- **PROBLEM DETAILS**:
Word for word, restate the entries below, but exclude the images.
ENTRIES PROVIDED Start Marker
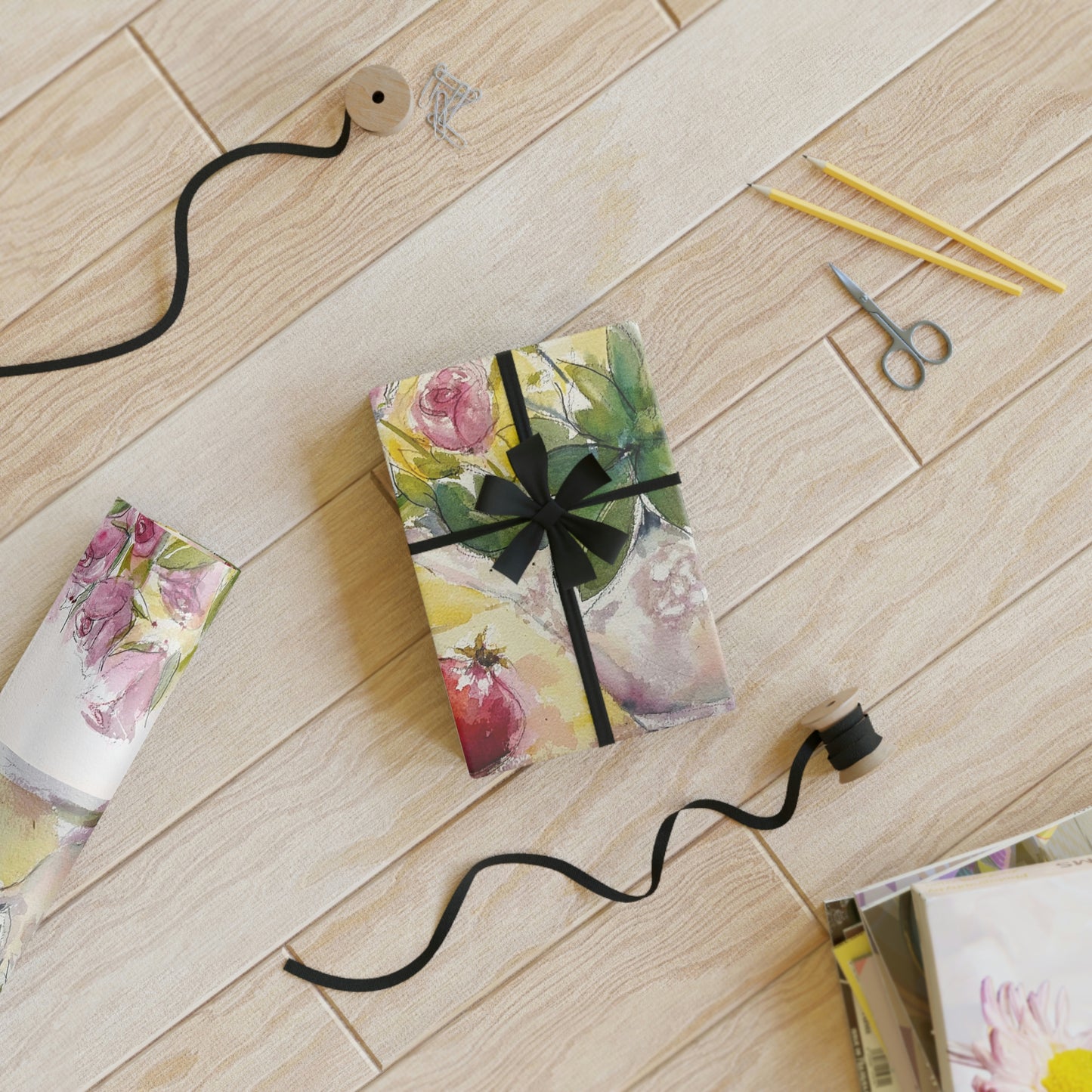Papel de regalo de rosas y granadas 1ud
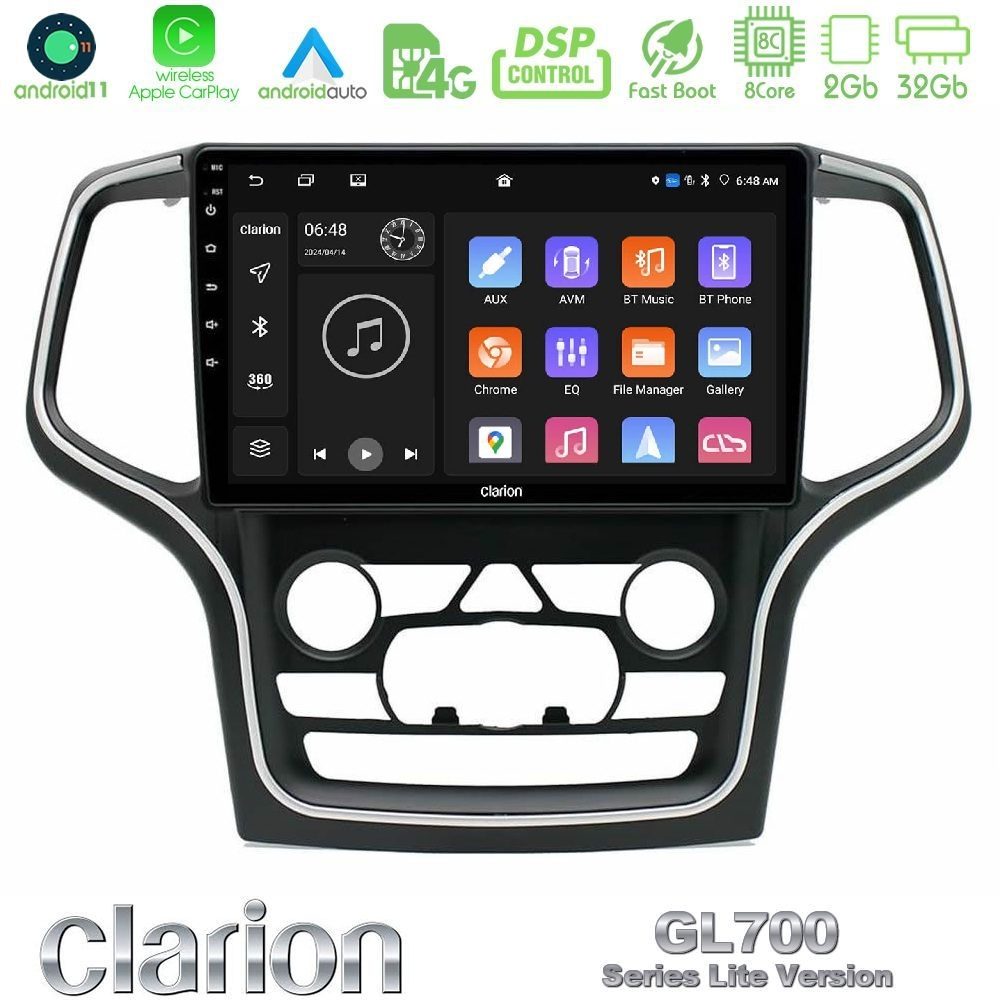 Clarion GL700 Lite Series 8Core Android11 2+32GB Jeep Grand Cherokee 2014-2020 Navigation Multimedia Tablet 10" Με Carplay & Android Auto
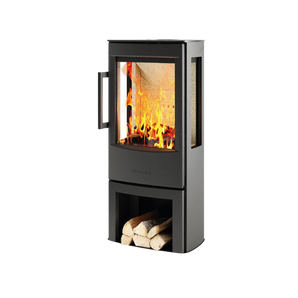 Fristående vedeldad kamin Wiking Miro 3 svart med vedfack och sidoglas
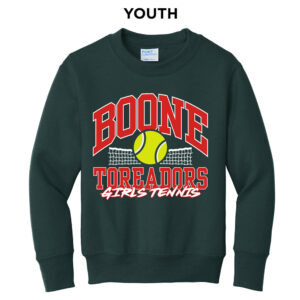 Boone Girls Tennis Youth Fleece Crewneck Sweatshirt-Dark Green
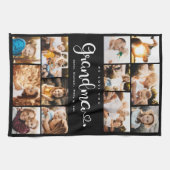 Grootma We houden van je hart Moderne fotocollage Theedoek (Horizontaal)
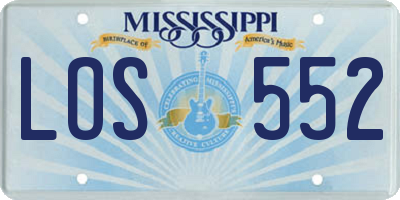 MS license plate LOS552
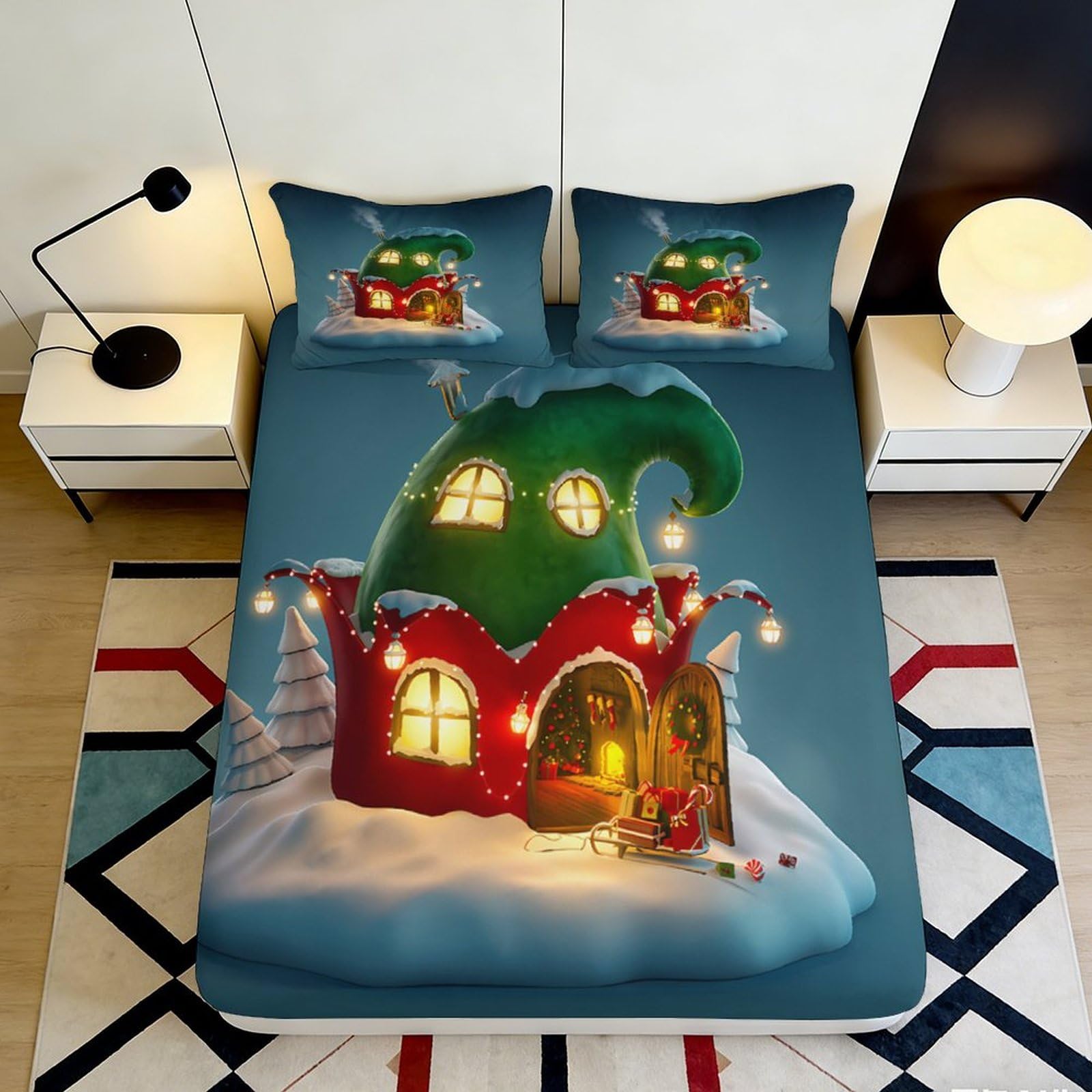3D Printed Fairy Dream Fitted Sheet Microfiber Non-Slip Deep Pocket Mushroom Fantasy Mattress Fitted Cover Bedroom Bedding 90x200x25cm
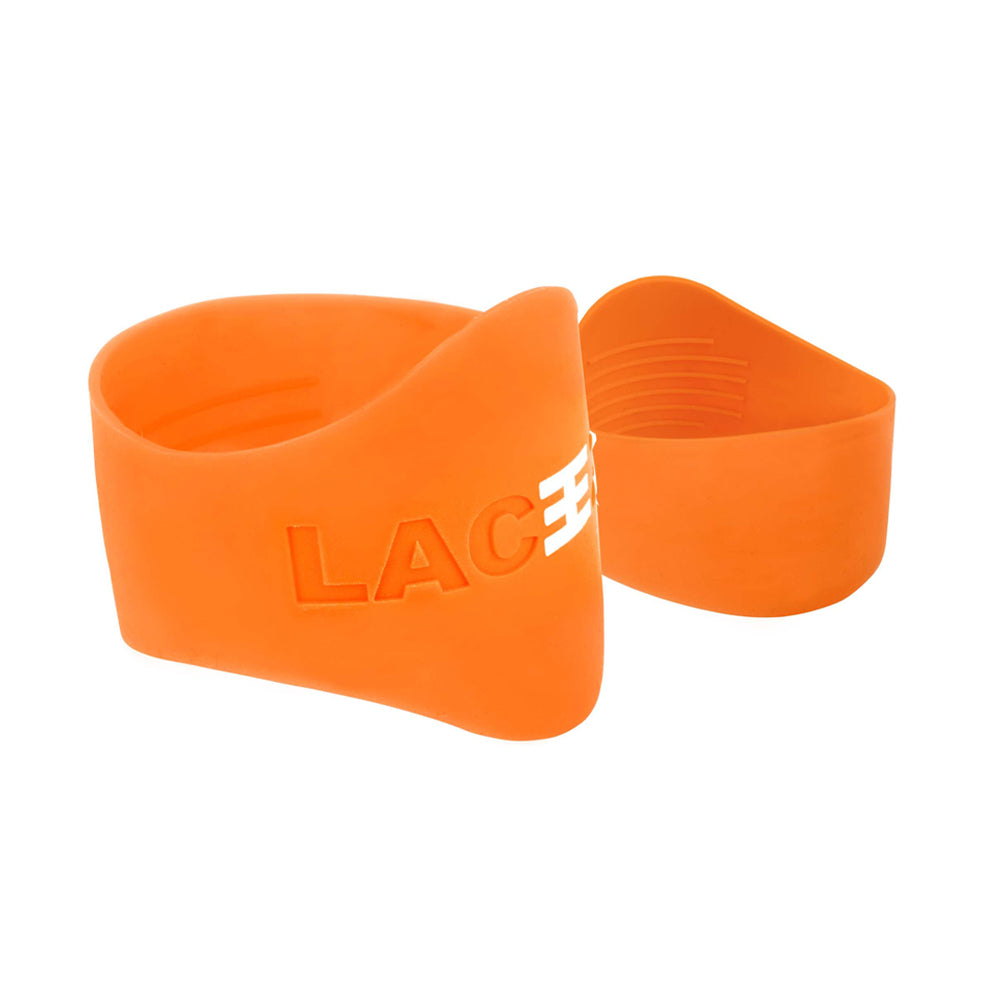Laceeze Original silicon bands keep kids’ football laces tied Orange pair 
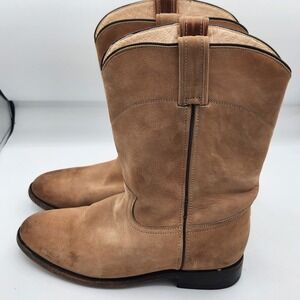 Caborca‎ Cowboy Boots Leather Western Style Pull On Tan Brown Men's Shoes 9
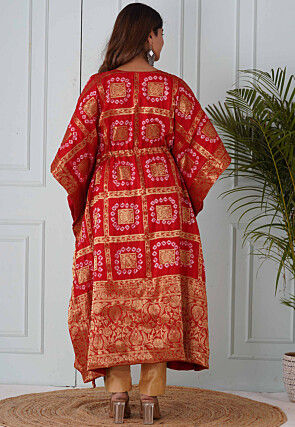 Ghatchola Art Silk Kaftan in Red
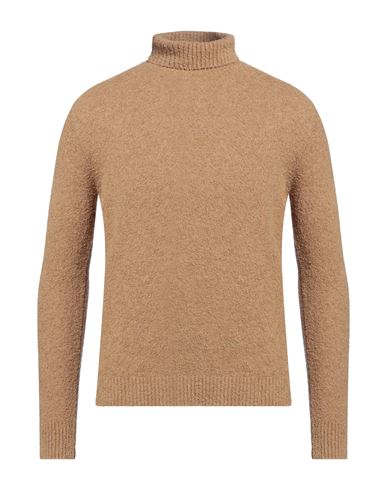 Man Turtleneck Camel Size 40 Cotton, Polyamide, Elastane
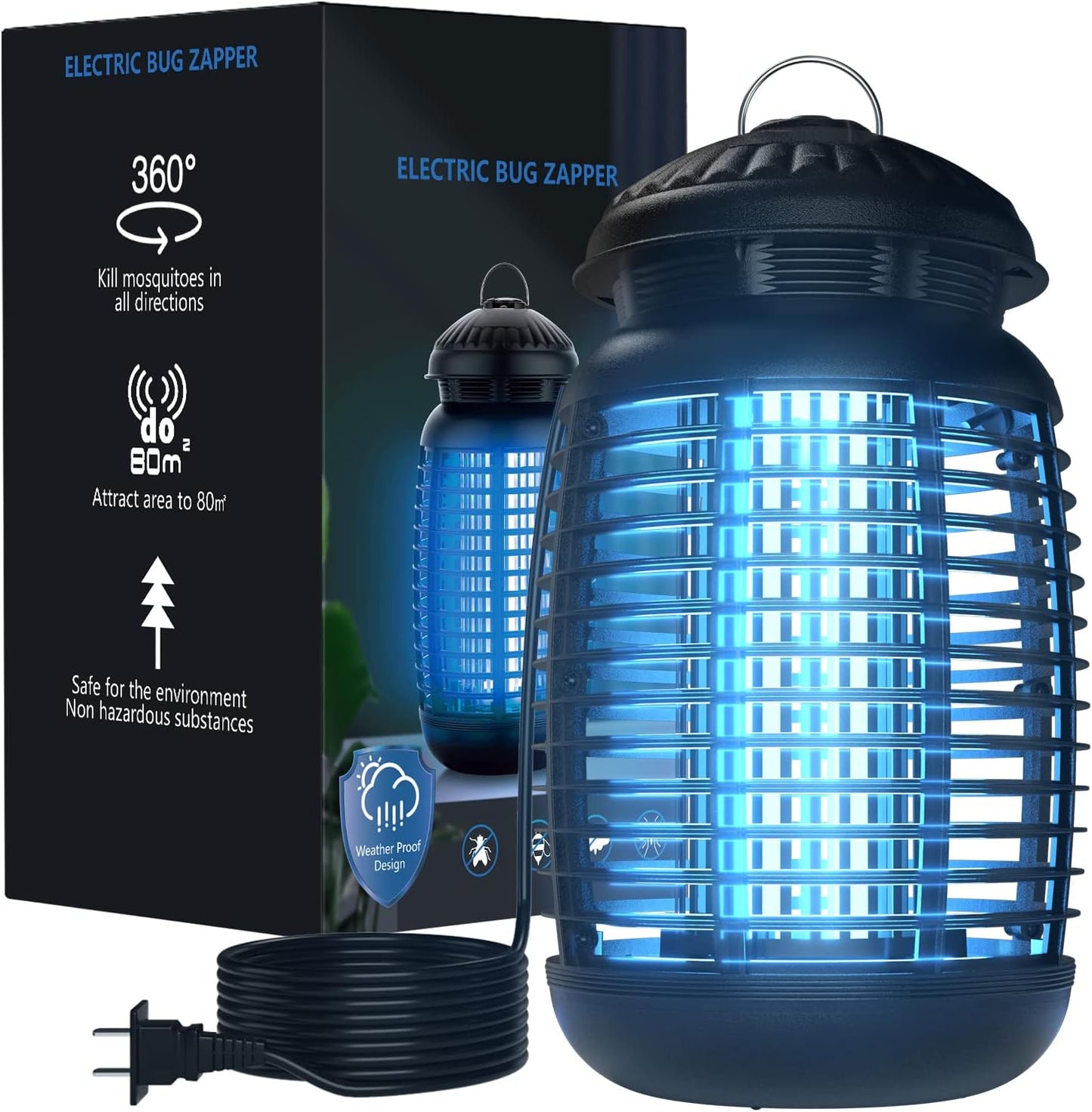 VANELC Bug Zapper for Indoor and Outdoor, 4200V Electric Mosquito Zapper, High Powered Waterproof Fly Zappers Mosquito Traps Outdoor, Fly Control for Home, Kitchen, Backyard, Camping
ENTRIES PROVIDED End Marker
- **REPLY TO THE EXERCISE**:
Papel de regalo de rosas y granadas 1ud
 Clarion GL700 Lite Series 8Core Android11 2+32GB Jeep Grand Cherokee 2014-2020 Navigation Multimedia Tablet 10" Με Carplay & Android Auto
 Fristående vedeldad kamin Wiking Miro 3 svart med vedfack och sidoglas
 Boone Girls Tennis Youth Fleece Crewneck Sweatshirt-Dark Green
 Grootma We houden van je hart Moderne fotocollage Theedoek (Horizontaal)
 MS license plate LOS552
3D Printed Fairy Dream Fitted Sheet Microfiber Non-Slip Deep Pocket Mushroom Fantasy Mattress Fitted Cover Bedroom Bedding 90x200x25cm
Laceeze Original silicon bands keep kids’ football laces tied Orange pair 
 Caborca‎ Cowboy Boots Leather Western Style Pull On Tan Brown Men's Shoes 9
 Ghatchola Art Silk Kaftan in Red
 Man Turtleneck Camel Size 40 Cotton, Polyamide, Elastane
 VANELC Bug Zapper for Indoor and Outdoor, 4200V Electric Mosquito Zapper, High Powered Waterproof Fly Zappers Mosquito Traps Outdoor, Fly Control for Home, Kitchen, Backyard, Camping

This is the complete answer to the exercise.